Absa's Annah Watkinson: balancing triathlons and banking

The CA says she feels like a superhero, living a dual life at the bank and on the road.

“Despite your circumstances, you always have choices.” That’s Annah Watkinson’s mantra, which has helped carry her to professional and sporting success, even after her tumultuous upbringing. Her mother was a drug addict, and she was raised by her divorced grandmother, who did her best in less-than-ideal circumstances. Annah had friends whose parents were chartered accountants, and their lives seemed steady, which was what Annah wanted. Since she was good at maths, she decided that accountancy was her future.

She graduated from the UJ (then RAU) with a PwC bursary and then did her articles at PwC. She then opted to work for Absa, ultimately ending up as head of Global Finance for the Coastal Regions. During that time, she also completed her CFA, because she wanted to continue learning.

But this story isn’t about her finance work, it’s about something that started when she was on secondment in New York with PwC. “I took the opportunity to travel a lot within the States while I was there exploring the country, partying and seeing concerts, and although I had always been a gym person, I gained a bit of weight having all that fun,” she recalls.

She decided to take up running and loved it – even though she was running mostly on a treadmill in the New York winter. She carried on when she got back to South Africa, and a friend suggested she try a 21km road race that goes up and over Northcliff Hill. 

“I thought to myself no way, but I did it. And when I got to the end, running on to that field, I just had the most incredible sense of achievement. I couldn’t believe my body had carried me for 21km.”

Thus converted, Annah started running every weekend. She met a manin a running group, and they started dating. He was very keen on triathlons, and with his encouragement, she signed up for the Ironman 70.3 South Africa in East London. After she crossed the finish line, her boyfriend told her that she’d beaten him. And that, she says, was the beginning of the end of their relationship. But it was the beginning of a new love affair for Annah.

In 2012, she went back to the race, and won in her group. She found a training partner to support her in her mission to push it to the extreme, resulting in a great race, winning in her age group. She went on to the Ironman 70.3 World Championships in Las Vegas, but was “over-confident and under-prepared”. “I had a terrible race. The international level was very tough.”

After breaking her collar bone and shattering eight bones in her wrist at the 94.7 cycle race, she had to miss the 70.3 in 2013, and aimed instead for Ironman, five weeks later.
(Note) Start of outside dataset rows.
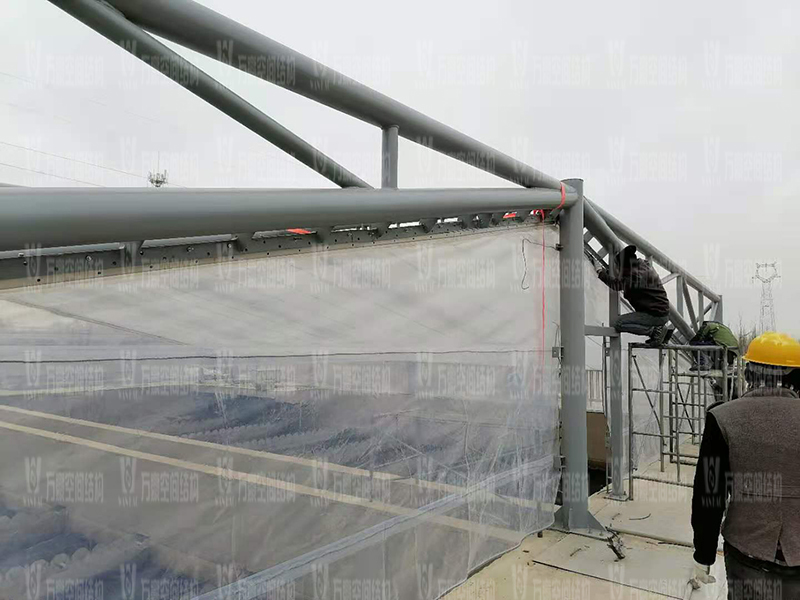 格爾木工業園昆侖工業區工業污水廠污水池保溫膜結構工程膜結構安裝中 格爾木工業園昆侖工業區工業污水廠污水池保溫膜結構工程膜結構安裝中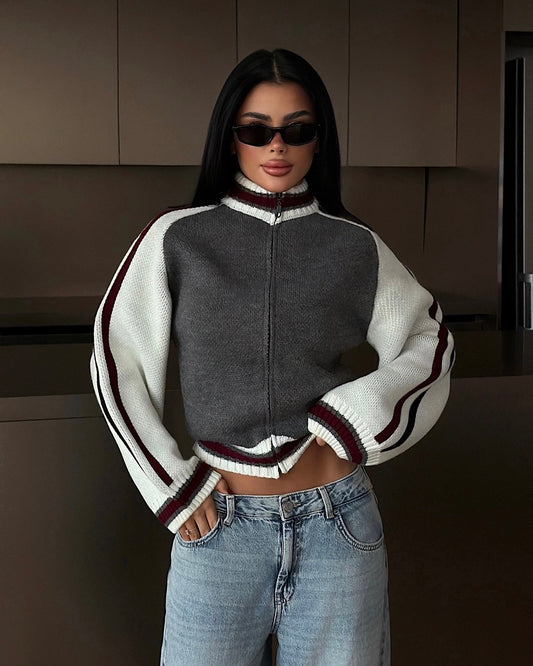 Grey Color Block Knit Zip-Up Cardigan with Burgundy Striped Sleeves | جاكيت رمادي بسحاب أمامي وأكمام واسعة بخطوط خمرية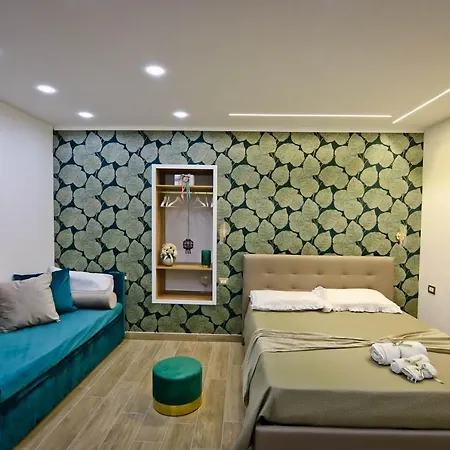 Casa Diaz Naples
She took it conservatively, which meant that when she hit the 28km marker, where people usually start to suffer, she was strong for the end of the race. She ended up winning in her age group in Port Elizabeth. So, she signed up with a coach Raynard Tissink, who said to her the night before Ironman SA 2015: “When are you going to turn pro, after tomorrow you are just going to be the age grouper in South Africa to beat. I think you should turn pro.”

She won in her age group and got her slot to go to Ironman World Championship in Kailua-Kona in Hawaii, the home of Ironman. She told herself that if she won in her age group there, she would go professional, but she came third. Although she was disappointed, she thought very deeply about it and talked to a lot of people, and decided to take the plunge.

She had a “phenomenal” first professional year in 2016, coming second at Ironman Lake Placid and third at Ironman Barcelona. But then 2017 proved to be a tough year. She moved to Cape Town for her current banking role, and found the demands of the move and establishing a new ecosystem, coupled with travelling around the world and racing against the best, to be challenging. Then, at the close of the season in Taiwan, she tore her calf on the bike. But forever aiming to top her personal best, she’s back in the game in 2018.

“I’ve had some OK races and some not great races, but I am feeling more positive,” she says.

She has become adept at balancing all the demands on her. She works seven days a week to juggle both her athletic and corporate career. She’s even been in race briefings and on conference calls simultaneously.

“One hour, I’ll be in the office doing my office thing and then the next hour I’m in lycra flying down the highway on a time-trial bike. I feel like a superhero, living a dual life!”